'''
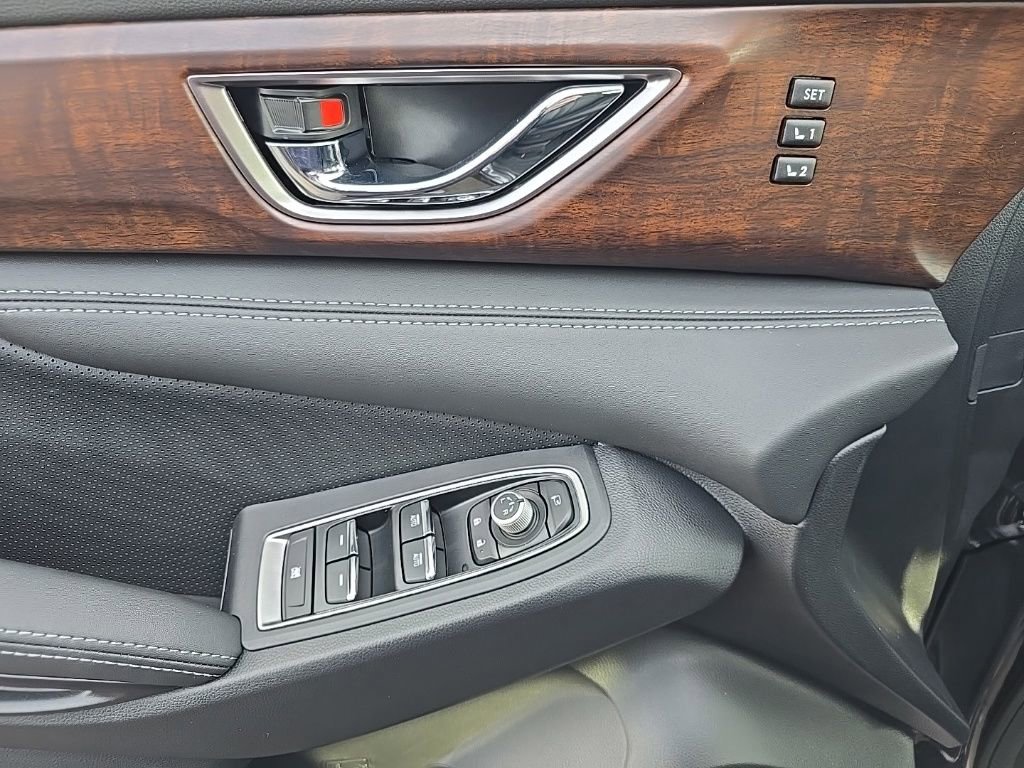 New 2025 Subaru Ascent Touring w/ Popular Package #2 image 17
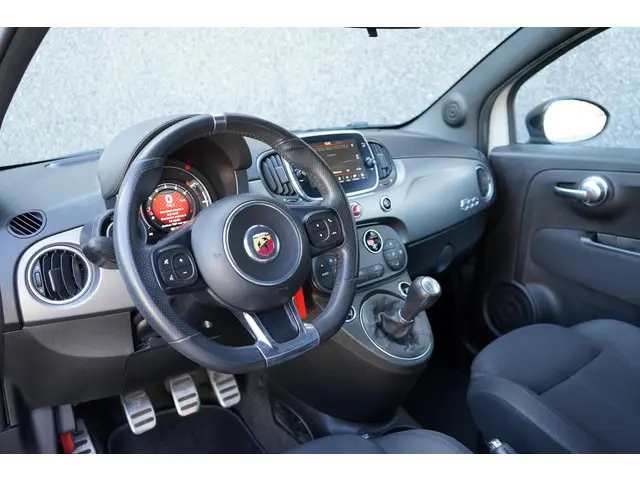 Abarth 595 1.4 T-Jet Abarth 595 Pista 2019 Benzine 16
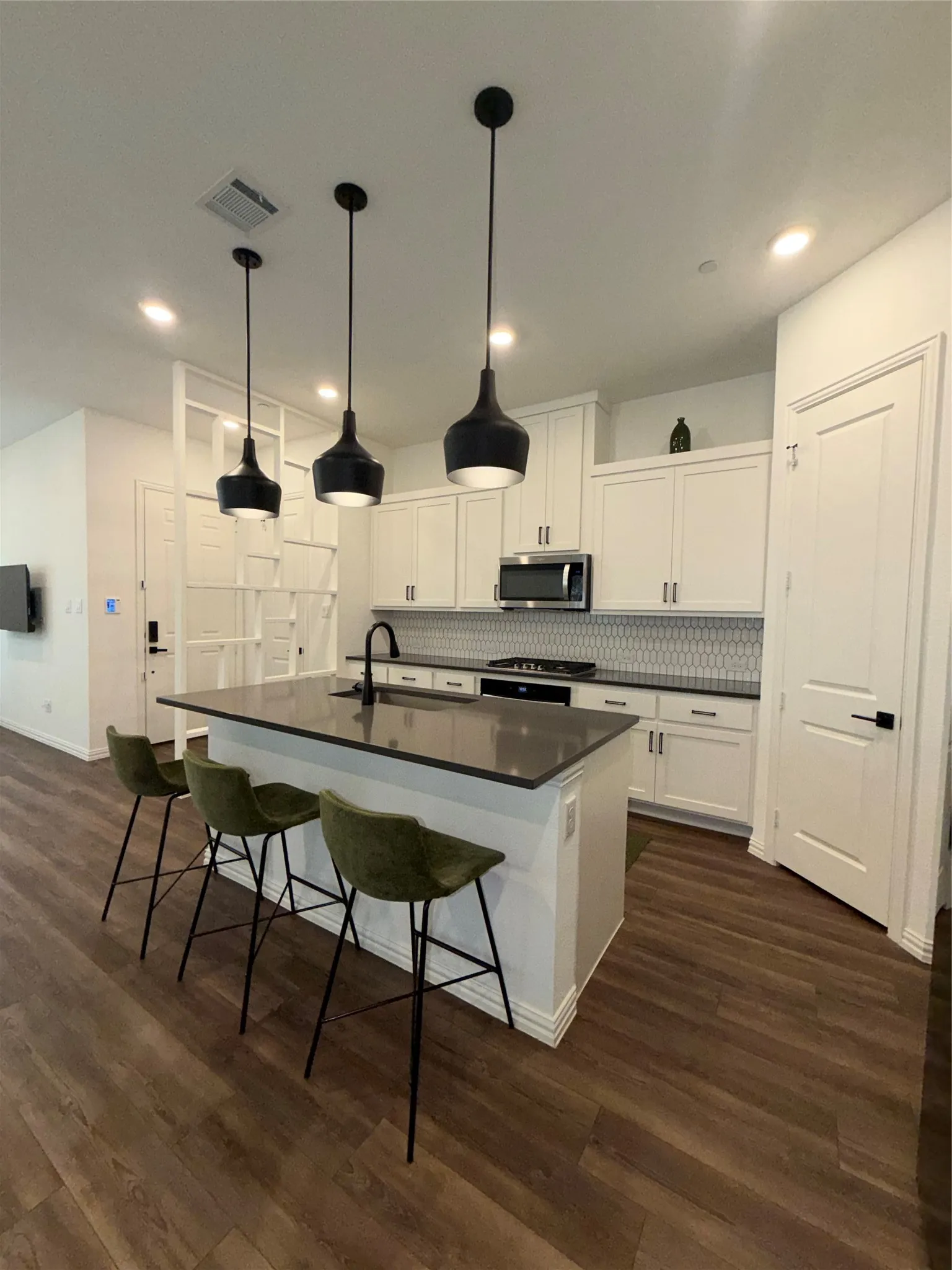 Townhouse For Rent in Dallas County , 5921 Baritone Court, Sachse, Texas 75048, 3 Bedroom, 3 Bathroom, 2 Garage spaces, 1,997 Sqft, built in 2023, mls#21391283, Real Estate Agent in Sachse, Homes For Rent in Dallas county, Homes For Rent in Sachse, Realtor in Sachse Texas, Real Estate Brokerage Independent Realty Texas, Luminita Cordes Realtor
'''
▸ **Exercise goal**: Pictures stay out. Everything else in the listing gets printed exactly.

▸ **Answer section**:
 New 2025 Subaru Ascent Touring w/ Popular Package #2 image 17
 Abarth 595 1.4 T-Jet Abarth 595 Pista 2019 Benzine 16
 Townhouse For Rent in Dallas County , 5921 Baritone Court, Sachse, Texas 75048, 3 Bedroom, 3 Bathroom, 2 Garage spaces, 1,997 Sqft, built in 2023, mls#21391283, Real Estate Agent in Sachse, Homes For Rent in Dallas county, Homes For Rent in Sachse, Realtor in Sachse Texas, Real Estate Brokerage Independent Realty Texas, Luminita Cordes Realtor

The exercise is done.